To get the full story, start at the bottom entry in the archive, and read upwards.
Then read the current diary entries from the bottom up as well.
Once you've got the full story, just visit and read the new story for the day!
The yellow and pink squiggly lines are two walks we take. The yellow one is the one we usually do. The squigglyness indicates how Madame visits her several important sniffing check-points!
We stop several times to feed the ravens, and you can see where they come from.
If you right-click on the image and open it in a new tab, you can then zoom in to see more details.
Wednesday, 3 March 2010
What a change to yesterday!
Today was grey and grim, the sun hidden behind thick clouds. The robins and blackbirds did sing about an hour before dawn, which is shortly before 7 a.m., but the ravens did not call.

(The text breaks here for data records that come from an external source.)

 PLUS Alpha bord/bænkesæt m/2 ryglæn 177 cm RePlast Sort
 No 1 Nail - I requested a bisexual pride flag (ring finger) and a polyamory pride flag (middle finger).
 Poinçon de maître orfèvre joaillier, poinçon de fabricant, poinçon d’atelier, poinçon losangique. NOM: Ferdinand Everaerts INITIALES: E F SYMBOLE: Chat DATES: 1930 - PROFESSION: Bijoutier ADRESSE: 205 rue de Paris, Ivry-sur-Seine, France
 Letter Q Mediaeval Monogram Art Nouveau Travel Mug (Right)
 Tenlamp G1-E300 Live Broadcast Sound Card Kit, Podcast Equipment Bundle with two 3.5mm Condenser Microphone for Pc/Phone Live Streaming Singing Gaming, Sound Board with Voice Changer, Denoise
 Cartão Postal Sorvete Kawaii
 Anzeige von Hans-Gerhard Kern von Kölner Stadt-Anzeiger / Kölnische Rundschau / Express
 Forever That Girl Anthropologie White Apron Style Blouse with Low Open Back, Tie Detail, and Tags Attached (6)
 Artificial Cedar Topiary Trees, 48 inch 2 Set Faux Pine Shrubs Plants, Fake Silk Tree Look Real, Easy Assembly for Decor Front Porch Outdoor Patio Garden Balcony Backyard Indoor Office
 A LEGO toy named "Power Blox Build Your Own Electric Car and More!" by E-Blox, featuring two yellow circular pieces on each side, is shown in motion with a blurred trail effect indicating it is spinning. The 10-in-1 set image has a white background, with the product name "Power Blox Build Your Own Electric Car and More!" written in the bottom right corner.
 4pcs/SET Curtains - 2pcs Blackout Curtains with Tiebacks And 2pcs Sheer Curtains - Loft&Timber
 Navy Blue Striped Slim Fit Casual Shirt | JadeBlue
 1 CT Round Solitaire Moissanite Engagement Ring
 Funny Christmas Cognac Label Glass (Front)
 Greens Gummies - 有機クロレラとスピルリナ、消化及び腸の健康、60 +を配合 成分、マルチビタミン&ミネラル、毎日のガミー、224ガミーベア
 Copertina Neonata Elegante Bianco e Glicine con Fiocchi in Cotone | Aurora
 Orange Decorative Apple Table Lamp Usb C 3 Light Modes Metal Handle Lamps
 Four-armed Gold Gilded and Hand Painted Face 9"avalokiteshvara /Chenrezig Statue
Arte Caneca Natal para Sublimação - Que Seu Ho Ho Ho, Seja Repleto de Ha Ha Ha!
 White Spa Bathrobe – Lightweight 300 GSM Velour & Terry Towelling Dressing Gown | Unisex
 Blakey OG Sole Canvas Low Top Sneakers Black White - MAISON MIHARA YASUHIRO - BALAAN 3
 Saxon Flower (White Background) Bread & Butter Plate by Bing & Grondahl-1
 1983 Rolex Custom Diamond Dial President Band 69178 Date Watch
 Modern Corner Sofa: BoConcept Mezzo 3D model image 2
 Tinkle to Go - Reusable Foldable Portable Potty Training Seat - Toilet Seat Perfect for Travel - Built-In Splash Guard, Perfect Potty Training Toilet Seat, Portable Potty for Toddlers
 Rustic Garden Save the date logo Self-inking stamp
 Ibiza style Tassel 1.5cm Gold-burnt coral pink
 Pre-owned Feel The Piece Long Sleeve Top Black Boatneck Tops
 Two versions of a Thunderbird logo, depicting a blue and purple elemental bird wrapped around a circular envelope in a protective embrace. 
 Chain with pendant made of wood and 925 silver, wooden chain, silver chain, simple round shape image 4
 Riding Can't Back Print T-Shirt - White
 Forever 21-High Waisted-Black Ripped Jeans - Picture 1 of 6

I left the house at 7.05 a.m., and as I got into the first field, the biting, icy wind from the East was horribly noticeable.
There were no raven calls at first, but when I arrived at the top of the big field, I heard cawing behind my back: the quarry pair came flying in to the ground. Then more cawing came from the direction of the toddlers' playground - the young pair arrived. Lastly, just as I was starting to throw the frist scraps, the bold pair flew in from the ravens field, also cawing.
A flock of seagulls were on the ground next to the footpath, but the ravens were not bothered.
Seeing all the ravens was a bit surprising, because this is again the day when the rubbish gets collected. However, the urban fox had not opened any of the food refuse bags, so the ravens did not have an opportunity to rummage around in those bags.
After I'd thrown a few scraps to all of them, Bas came bouncing up! He rushed around, chasing the seagulls away, investigating dogs on the footpath, sniffing in the spinney, and generally having a good time. Meanwhile, Karen and I stood at the enclosure in the big field and I kept throwing some more scraps.
The ravens were a bit circumspect, not picking up the scraps immediately, but they did not fly off while Bas was rushing about. He'd then got put on the lead because he assumed those scraps were for him!
As it was so perishingly cold, and since the ravens had already got some food, we did not linger around but went home, walking down the big field. The ravens dispersed and did not follow.